# TASK DESCRIPTION
Everything in the listing below should be repeated exactly, apart from the pictures.

**** DATA BLOCK ****

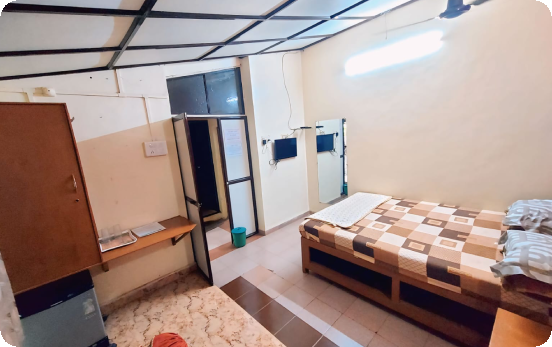 Budget Friendly Hidden Village Resort booking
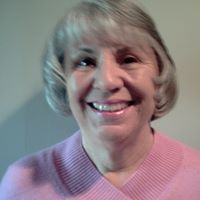 Barbara Siegel Photo 16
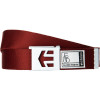 Staple Classic Web Belt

****

# RESPONSE
 Budget Friendly Hidden Village Resort booking
 Barbara Siegel Photo 16
 Staple Classic Web Belt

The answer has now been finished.